* INFORMATION SUPPLIED:
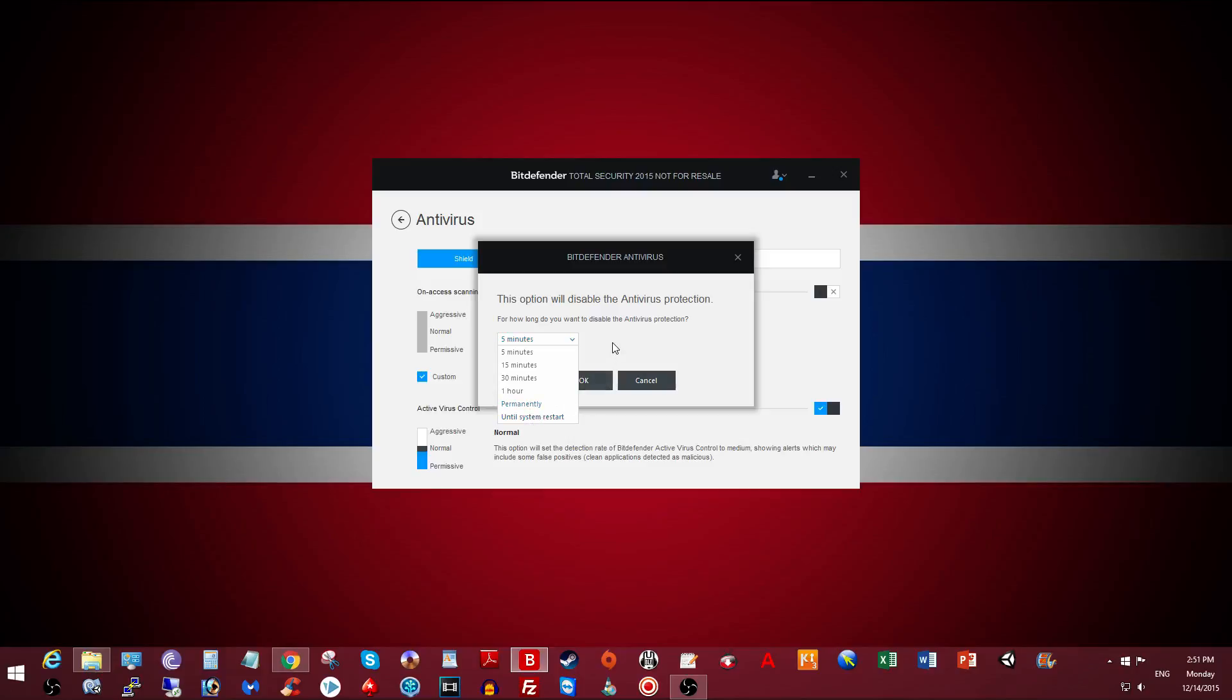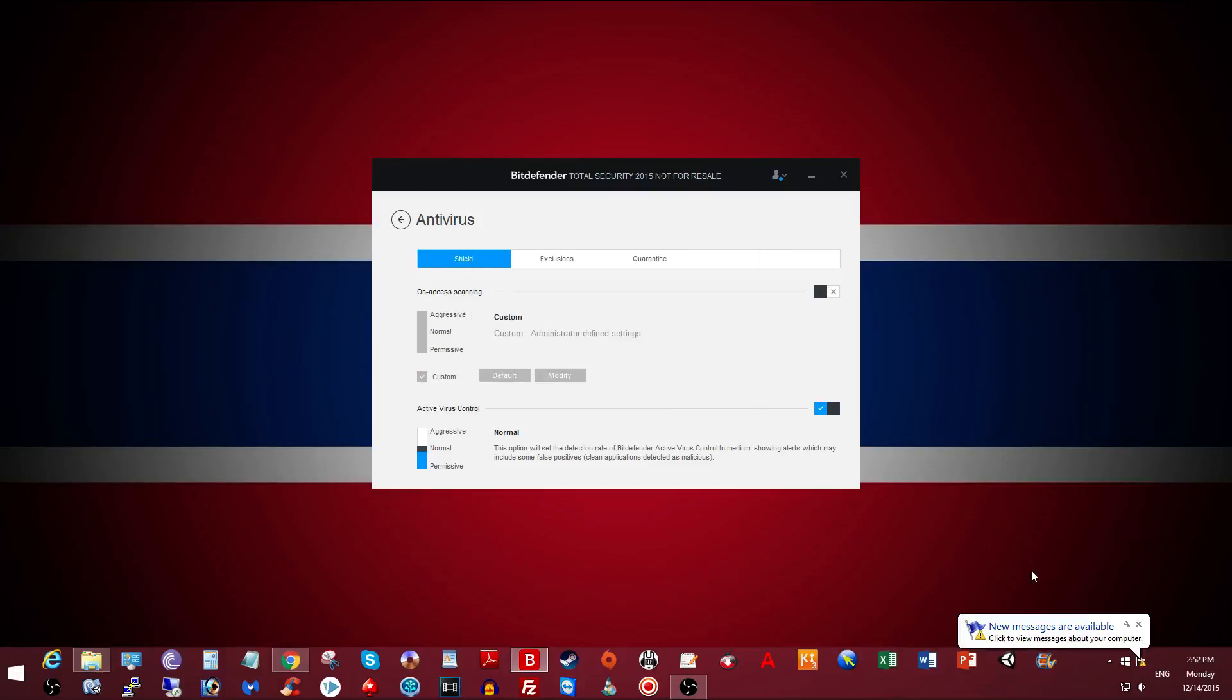So let's say I want to disable it for 5 minutes. I just pick 5 minutes, click OK, and there it is—it is disabled.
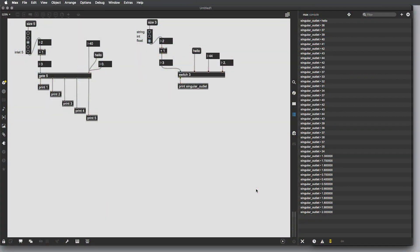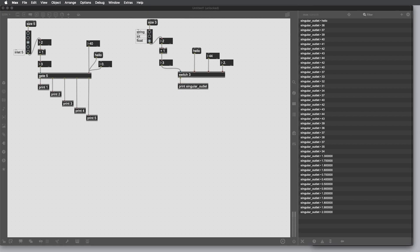Hi, in this video I'm going to talk about control data flow part two. In the last video we talked about the gate object and the switch object, and today we are going to talk about the graphic user interface of these two objects and then about the pack object.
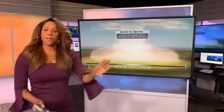That's why a lot of people think we had a tornado. But tornadoes are much different than a microburst or a macroburst.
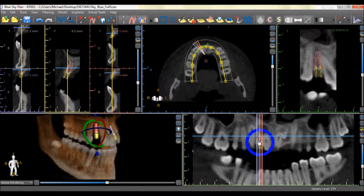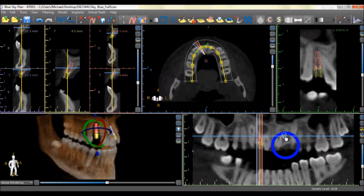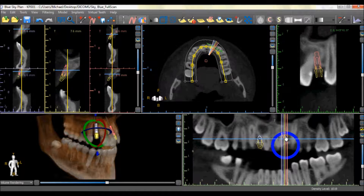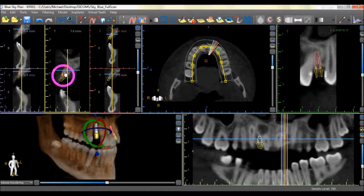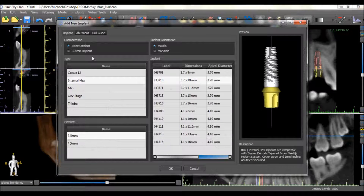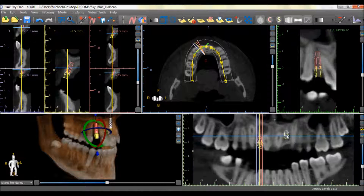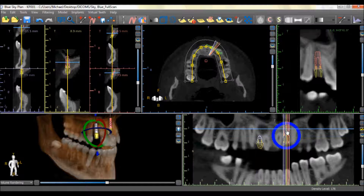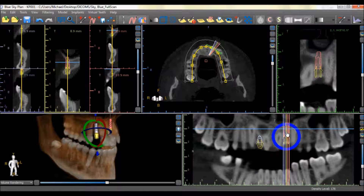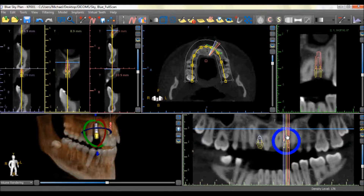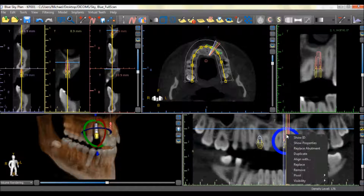Left-clicking on an implant makes the implant active and the implant appears in all the relevant views. We can also align a new implant to the angle of an existing implant by clicking on the implant.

* WHAT YOU NEED TO DO: Beginning with the line that contains "Hi, in this" in the data above, please copy each line exactly until the last line, both ends included, skipping any pictures.

* ANSWER SPACE:
Hi, in this video I'm going to talk about control data flow part two. In the last video we talked about the gate object and the switch object, and today we are going to talk about the graphic user interface of these two objects and then about the pack object.
That's why a lot of people think we had a tornado. But tornadoes are much different than a microburst or a macroburst.
Left-clicking on an implant makes the implant active and the implant appears in all the relevant views. We can also align a new implant to the angle of an existing implant by clicking on the implant.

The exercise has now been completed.